Which is fair play, but my current goal was to use openGL to learn the basics and move on to vulkan to get access to the sweet promise of multi queues for parallel submission. So, I didn’t want this sort of api for my rendering pipeline. But, while writing more of my engine to use my naive approach, I realized I was doing the same thing multiple times. Fetch the resource handle -> write data -> in render loop use data to make the draw call. Now, I was manually writing this, and there’s a lot of resources that are used by multiple draw calls, and very often. So, this by default looked like a DAG problem to me from my earlier [[Penny]] work (TODO: shill it with a link here). If I could define the unit of work as a node, and the dependencies as edges, I would be able to build out a graph, and right before making the draw calls, sort it for optimization! This seemed like a revelation and lo and behold! This idea (albeit way better and way more thought out) has a name! The render graph. I was estatic that I was able to come to this idea (sort of) on my own, and validated by engines as a valid orchestration layer.

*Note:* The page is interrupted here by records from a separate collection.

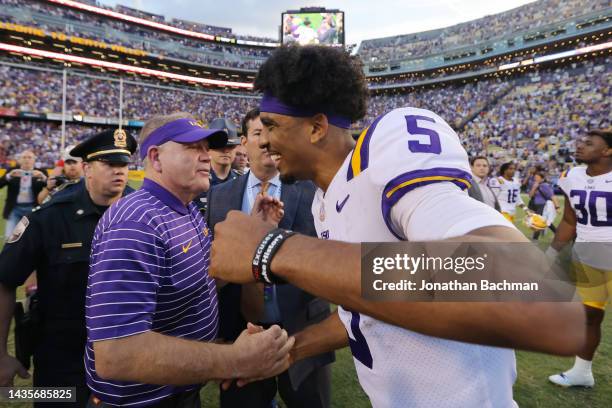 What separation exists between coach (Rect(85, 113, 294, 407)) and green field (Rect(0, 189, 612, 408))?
2.22 meters

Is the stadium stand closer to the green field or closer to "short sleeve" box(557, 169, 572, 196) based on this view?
"short sleeve" box(557, 169, 572, 196)

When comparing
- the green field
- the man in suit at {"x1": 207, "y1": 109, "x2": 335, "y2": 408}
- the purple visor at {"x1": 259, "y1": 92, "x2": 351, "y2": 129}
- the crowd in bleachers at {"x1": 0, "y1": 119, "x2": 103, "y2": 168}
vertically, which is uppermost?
the crowd in bleachers at {"x1": 0, "y1": 119, "x2": 103, "y2": 168}

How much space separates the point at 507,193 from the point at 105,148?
11564 millimetres

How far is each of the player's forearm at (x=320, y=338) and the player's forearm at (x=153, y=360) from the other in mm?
475

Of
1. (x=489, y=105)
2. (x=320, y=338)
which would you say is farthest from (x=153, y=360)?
(x=489, y=105)

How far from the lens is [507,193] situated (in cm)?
1139

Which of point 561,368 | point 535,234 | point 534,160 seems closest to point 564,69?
point 534,160

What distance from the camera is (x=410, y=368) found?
4.35ft

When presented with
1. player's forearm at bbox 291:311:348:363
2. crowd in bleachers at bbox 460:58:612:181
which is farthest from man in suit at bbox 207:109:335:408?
crowd in bleachers at bbox 460:58:612:181

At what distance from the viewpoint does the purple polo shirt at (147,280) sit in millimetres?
1505

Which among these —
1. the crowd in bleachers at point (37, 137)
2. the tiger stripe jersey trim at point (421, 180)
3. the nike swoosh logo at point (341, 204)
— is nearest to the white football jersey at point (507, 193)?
the nike swoosh logo at point (341, 204)

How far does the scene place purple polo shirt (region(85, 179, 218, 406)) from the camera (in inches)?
59.2

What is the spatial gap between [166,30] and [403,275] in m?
65.5

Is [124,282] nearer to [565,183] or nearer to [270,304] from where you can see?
[270,304] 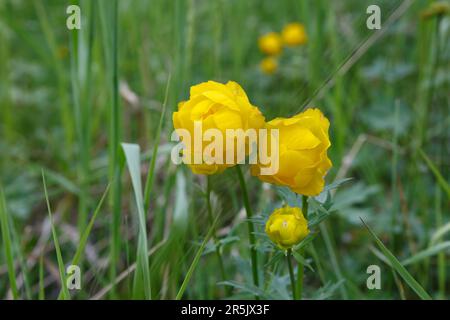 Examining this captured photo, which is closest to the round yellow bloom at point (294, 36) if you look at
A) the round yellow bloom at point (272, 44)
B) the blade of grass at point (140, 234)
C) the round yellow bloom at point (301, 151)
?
the round yellow bloom at point (272, 44)

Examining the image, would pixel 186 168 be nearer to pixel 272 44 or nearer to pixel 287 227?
pixel 287 227

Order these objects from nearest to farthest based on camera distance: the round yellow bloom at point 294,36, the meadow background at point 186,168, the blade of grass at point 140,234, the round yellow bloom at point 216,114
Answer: the round yellow bloom at point 216,114 → the blade of grass at point 140,234 → the meadow background at point 186,168 → the round yellow bloom at point 294,36

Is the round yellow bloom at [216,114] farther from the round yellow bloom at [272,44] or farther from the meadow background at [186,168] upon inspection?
the round yellow bloom at [272,44]

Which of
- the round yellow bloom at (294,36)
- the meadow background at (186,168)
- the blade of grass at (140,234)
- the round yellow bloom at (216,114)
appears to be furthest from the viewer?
the round yellow bloom at (294,36)

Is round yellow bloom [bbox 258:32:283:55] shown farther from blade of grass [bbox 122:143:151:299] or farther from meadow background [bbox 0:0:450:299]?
blade of grass [bbox 122:143:151:299]

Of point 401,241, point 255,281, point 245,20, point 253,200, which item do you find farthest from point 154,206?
point 245,20

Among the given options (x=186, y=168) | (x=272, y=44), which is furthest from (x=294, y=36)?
(x=186, y=168) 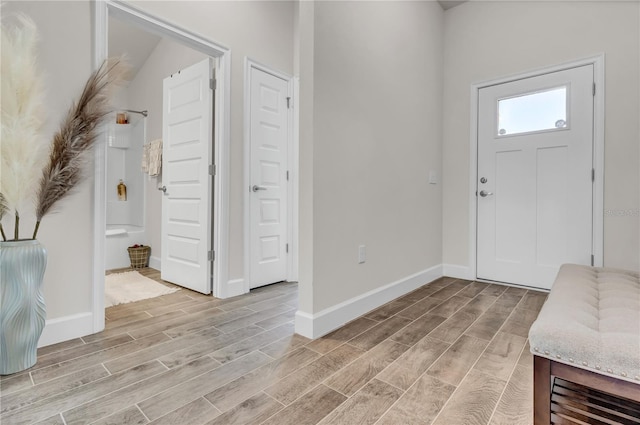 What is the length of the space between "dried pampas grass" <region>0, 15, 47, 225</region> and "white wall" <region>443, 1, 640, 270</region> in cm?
339

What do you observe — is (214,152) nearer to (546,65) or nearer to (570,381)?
(570,381)

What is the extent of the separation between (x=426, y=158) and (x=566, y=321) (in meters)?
2.29

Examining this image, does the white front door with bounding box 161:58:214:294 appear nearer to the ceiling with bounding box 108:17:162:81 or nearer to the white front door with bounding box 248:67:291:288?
the white front door with bounding box 248:67:291:288

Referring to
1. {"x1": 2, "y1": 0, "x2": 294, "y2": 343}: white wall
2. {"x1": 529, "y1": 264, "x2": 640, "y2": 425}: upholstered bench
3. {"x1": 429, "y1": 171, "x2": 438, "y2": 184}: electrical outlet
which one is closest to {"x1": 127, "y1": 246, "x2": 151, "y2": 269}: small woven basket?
{"x1": 2, "y1": 0, "x2": 294, "y2": 343}: white wall

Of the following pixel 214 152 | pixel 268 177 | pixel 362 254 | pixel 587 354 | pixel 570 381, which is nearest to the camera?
pixel 587 354

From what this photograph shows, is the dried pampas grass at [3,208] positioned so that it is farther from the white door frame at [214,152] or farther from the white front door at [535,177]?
the white front door at [535,177]

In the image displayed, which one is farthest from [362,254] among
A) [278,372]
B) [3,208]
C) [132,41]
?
[132,41]

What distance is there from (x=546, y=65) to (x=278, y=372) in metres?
3.38

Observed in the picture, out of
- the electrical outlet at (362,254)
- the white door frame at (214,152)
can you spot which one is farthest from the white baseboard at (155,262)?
the electrical outlet at (362,254)

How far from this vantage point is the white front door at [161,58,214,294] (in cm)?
276

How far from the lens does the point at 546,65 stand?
290cm

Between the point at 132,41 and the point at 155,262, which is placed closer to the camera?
the point at 155,262

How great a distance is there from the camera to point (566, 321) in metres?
1.09

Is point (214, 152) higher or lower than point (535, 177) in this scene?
higher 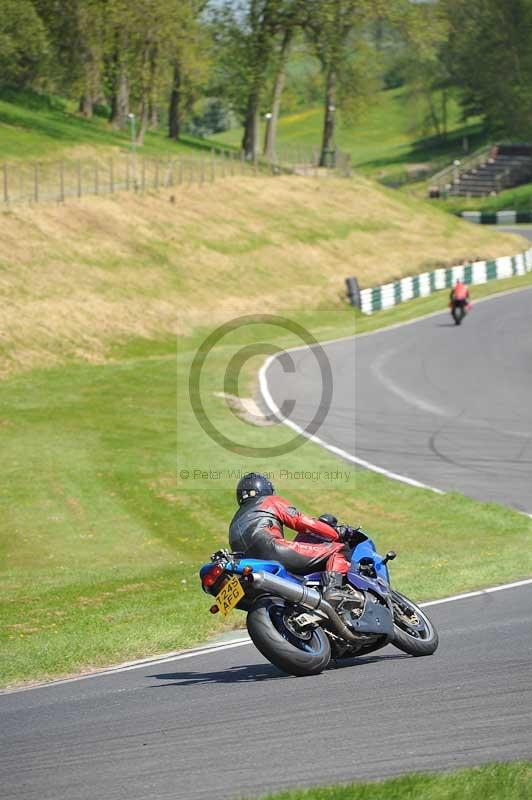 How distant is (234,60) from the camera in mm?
79438

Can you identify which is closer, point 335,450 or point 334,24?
point 335,450

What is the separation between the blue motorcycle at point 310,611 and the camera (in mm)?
9258

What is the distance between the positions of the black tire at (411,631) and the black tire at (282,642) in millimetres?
831

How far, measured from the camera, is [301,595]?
9391 millimetres

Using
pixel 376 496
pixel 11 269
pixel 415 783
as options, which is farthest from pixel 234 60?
pixel 415 783

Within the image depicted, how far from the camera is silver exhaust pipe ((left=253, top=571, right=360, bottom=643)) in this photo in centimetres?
927

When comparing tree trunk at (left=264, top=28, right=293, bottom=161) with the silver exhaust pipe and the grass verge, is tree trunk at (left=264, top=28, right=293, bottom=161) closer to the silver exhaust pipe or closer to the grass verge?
the grass verge

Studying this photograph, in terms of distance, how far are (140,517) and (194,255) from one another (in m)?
36.0

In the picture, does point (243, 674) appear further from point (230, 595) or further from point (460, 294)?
point (460, 294)

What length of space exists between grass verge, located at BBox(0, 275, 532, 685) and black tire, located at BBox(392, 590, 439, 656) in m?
2.49

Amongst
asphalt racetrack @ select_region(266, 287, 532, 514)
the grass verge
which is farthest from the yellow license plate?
asphalt racetrack @ select_region(266, 287, 532, 514)

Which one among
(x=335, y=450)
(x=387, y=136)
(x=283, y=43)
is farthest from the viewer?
(x=387, y=136)

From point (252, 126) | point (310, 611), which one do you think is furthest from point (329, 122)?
point (310, 611)

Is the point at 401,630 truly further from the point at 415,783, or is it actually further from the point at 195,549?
the point at 195,549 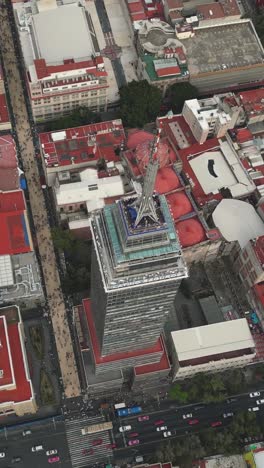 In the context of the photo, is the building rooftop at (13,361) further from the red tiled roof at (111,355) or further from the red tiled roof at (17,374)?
the red tiled roof at (111,355)

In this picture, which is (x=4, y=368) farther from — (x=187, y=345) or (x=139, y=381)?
(x=187, y=345)

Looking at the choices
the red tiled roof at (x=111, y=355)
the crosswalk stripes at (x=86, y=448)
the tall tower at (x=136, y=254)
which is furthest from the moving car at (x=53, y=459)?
the tall tower at (x=136, y=254)

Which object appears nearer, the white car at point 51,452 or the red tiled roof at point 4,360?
the red tiled roof at point 4,360

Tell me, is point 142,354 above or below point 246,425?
above

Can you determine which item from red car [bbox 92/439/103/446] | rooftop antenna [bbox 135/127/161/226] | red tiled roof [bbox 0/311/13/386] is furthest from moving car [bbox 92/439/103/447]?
rooftop antenna [bbox 135/127/161/226]

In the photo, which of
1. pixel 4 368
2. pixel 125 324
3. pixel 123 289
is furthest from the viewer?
pixel 4 368

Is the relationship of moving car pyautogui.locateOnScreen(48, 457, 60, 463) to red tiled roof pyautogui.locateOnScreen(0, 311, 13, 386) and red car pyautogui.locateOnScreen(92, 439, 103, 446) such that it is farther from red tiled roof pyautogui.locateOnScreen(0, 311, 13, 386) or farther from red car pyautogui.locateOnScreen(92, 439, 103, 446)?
red tiled roof pyautogui.locateOnScreen(0, 311, 13, 386)

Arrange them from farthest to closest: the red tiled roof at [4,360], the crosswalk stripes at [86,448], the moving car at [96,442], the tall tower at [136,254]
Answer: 1. the moving car at [96,442]
2. the crosswalk stripes at [86,448]
3. the red tiled roof at [4,360]
4. the tall tower at [136,254]

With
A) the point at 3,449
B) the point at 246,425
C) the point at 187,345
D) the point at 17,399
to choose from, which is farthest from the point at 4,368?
the point at 246,425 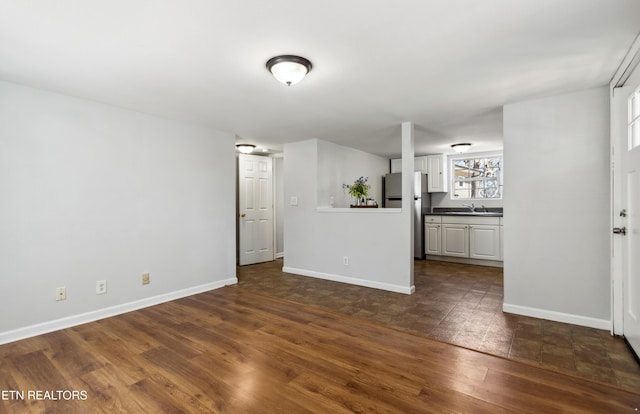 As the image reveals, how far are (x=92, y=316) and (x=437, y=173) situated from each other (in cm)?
609

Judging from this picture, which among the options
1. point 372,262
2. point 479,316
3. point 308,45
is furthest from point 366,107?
point 479,316

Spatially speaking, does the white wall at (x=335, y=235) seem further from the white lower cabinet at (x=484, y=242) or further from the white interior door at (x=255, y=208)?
the white lower cabinet at (x=484, y=242)

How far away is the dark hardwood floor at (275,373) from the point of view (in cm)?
174

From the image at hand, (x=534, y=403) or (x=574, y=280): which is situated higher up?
(x=574, y=280)

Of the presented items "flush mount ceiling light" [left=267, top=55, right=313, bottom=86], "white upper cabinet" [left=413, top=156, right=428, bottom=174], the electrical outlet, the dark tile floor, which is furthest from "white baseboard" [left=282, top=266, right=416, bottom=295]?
"white upper cabinet" [left=413, top=156, right=428, bottom=174]

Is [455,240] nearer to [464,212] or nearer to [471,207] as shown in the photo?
[464,212]

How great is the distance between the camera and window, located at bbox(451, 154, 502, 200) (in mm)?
6137

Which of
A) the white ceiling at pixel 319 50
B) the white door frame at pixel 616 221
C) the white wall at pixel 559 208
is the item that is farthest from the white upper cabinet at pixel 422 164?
the white door frame at pixel 616 221

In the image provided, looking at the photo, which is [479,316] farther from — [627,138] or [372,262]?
[627,138]

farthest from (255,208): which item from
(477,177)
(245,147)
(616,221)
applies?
(616,221)

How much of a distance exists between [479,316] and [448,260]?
3.21 m

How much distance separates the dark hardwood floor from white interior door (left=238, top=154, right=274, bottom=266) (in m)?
3.04

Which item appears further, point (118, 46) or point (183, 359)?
point (183, 359)

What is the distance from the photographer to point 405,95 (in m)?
3.00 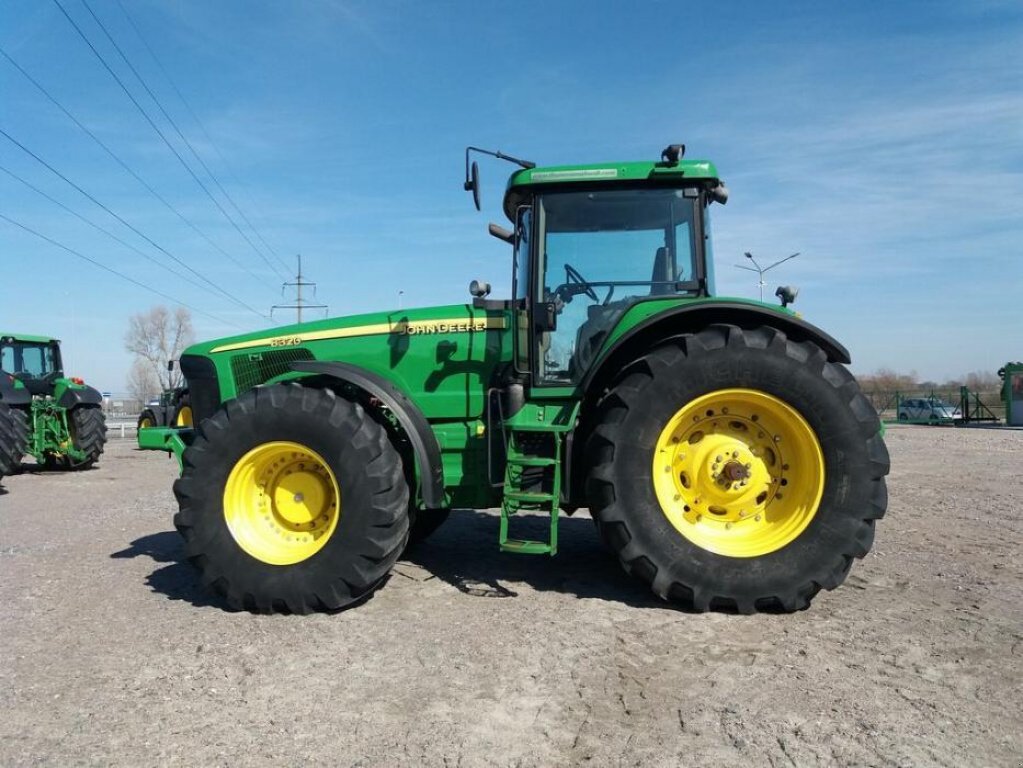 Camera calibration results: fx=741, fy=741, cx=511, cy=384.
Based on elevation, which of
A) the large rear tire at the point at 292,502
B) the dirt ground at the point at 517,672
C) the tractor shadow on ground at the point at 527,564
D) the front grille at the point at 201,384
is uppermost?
the front grille at the point at 201,384

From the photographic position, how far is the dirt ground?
2.74 metres

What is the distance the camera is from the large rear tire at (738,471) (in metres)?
4.09

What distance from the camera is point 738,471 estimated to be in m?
4.32

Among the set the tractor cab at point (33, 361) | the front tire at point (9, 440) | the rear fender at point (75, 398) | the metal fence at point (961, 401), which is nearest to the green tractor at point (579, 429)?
the front tire at point (9, 440)

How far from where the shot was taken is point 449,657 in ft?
11.8

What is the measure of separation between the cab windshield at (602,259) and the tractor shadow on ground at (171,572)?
2599mm

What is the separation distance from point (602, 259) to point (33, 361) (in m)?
15.0

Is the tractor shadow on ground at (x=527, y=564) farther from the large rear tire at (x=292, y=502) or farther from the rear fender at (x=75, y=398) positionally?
the rear fender at (x=75, y=398)

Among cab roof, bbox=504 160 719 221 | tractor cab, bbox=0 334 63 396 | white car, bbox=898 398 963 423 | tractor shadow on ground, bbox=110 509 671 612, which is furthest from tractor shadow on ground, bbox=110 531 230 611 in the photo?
white car, bbox=898 398 963 423

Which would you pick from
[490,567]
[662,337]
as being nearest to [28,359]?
[490,567]

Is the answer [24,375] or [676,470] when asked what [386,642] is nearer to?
[676,470]

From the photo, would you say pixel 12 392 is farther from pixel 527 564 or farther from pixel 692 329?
pixel 692 329

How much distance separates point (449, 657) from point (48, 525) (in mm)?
6158

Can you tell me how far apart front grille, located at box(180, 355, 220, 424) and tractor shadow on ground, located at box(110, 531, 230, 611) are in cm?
110
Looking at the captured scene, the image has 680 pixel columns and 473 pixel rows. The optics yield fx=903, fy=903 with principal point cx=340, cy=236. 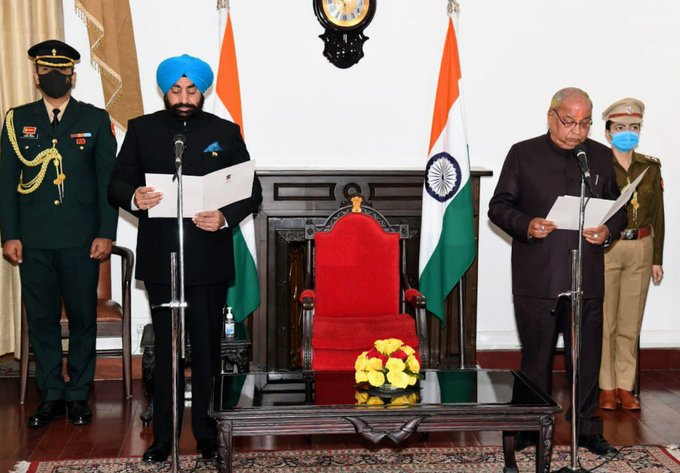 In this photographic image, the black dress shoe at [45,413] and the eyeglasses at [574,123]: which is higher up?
the eyeglasses at [574,123]

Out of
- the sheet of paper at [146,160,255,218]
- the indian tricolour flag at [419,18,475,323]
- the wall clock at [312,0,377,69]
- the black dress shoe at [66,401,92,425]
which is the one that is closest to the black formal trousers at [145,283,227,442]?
the sheet of paper at [146,160,255,218]

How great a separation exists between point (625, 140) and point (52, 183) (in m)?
3.07

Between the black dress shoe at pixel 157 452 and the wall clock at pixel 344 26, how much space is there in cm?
266

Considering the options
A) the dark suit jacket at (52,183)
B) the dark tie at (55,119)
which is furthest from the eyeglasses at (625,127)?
the dark tie at (55,119)

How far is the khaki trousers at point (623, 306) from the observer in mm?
5070

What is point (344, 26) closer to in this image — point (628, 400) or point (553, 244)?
point (553, 244)

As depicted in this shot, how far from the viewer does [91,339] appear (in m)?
4.89

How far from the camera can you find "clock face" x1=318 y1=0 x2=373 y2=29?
5.55 meters

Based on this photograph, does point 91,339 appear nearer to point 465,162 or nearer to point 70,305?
point 70,305

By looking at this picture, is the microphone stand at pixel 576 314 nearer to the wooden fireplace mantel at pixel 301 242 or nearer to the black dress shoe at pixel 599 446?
the black dress shoe at pixel 599 446

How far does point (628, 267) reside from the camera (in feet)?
16.7

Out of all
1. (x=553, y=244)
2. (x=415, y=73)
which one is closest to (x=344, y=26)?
(x=415, y=73)

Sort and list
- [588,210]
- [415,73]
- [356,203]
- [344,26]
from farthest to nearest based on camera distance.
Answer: [415,73] → [344,26] → [356,203] → [588,210]

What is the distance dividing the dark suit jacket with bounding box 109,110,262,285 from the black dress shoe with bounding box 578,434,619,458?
188 centimetres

So, naturally I wanted to look at how the great engines do it, so I went to the forge’s github, to get some insight. and that’s where I came across this: https://github.com/ConfettiFX/The-Forge/issues/171. Now, the great wolfgangfengel (loved his book series btw, can’t recommend it enough. It’s how I learnt about SVOs and the wonderful world of morton encoding), has a comment towards the bottom that said “With a GPU-driven renderer, you do not make many draw calls.” and “It was a good idea 10+ years ago. (This one stung, ngl)”. With a GPU-driven renderer, you do not make many draw call? I’m not joking when I say, this revelation actually shook me. All the resources I’ve been seeing just have draw calls, and maybe deferred vs forward rendering, and I thought that was advanced, and that AAA studios just have really tight optimizations to improve performance. Man, was I wrong.
The Paradigm shift
So, based on my research, Gpu driven rendering uses SSBOs and frustrum culling heavily, to reduce CPU sync overhead. Traditional Uniform have a size limit of ~16kb, UBO = 64kb, but SSBOs limit is the VRAM limit(sorta). AND it’s read and write data. So, modern renderers, upload what they need to the GPU, and a compute shader /kernel generate draw commands. That’s a completely different game, one that I didn’t remotely even see coming. since visibility check is embarrisingly parallel, this makes it the perfect use for frustrum culling. My chunking logic to reduce O(n) over all of my tiles, cannot realistically compare in terms of parallelism or bandwidth, even with 32 threads. This pipeline makes the CPU the policy setter , while the GPU solely becomes responsible for handling all computation regarding geometry, with minimal data sync between the 2. Now, the CPU side only (post initial upload) needs to worry about telling the GPU about the data that changed.
So, with good map design, like breaking line of sight, tall structures, broader geometry etc. You can render beautiful scenes, while offloading the massive compute to the GPU.
Now, I imagine this isn’t a silver bullet. The CPU still needs to define barriers and such, along with orchestrating data uploads, so I don’t imagine RenderGraph on the CPU side is useless, but I can definitely see how AAA games are able to achieve the visual fidelity, which I had a massive misconception about.
The mental model revision
What finally clicked for me through this intense journey is that this isn’t just an optimization. It’s a role reversal. The CPU stops being the thing that decides what gets drawn, it can focus on game logic, state machines and gameplay mechanics, and just sets policy.
The GPU becomes responsible for what is shown in this frame.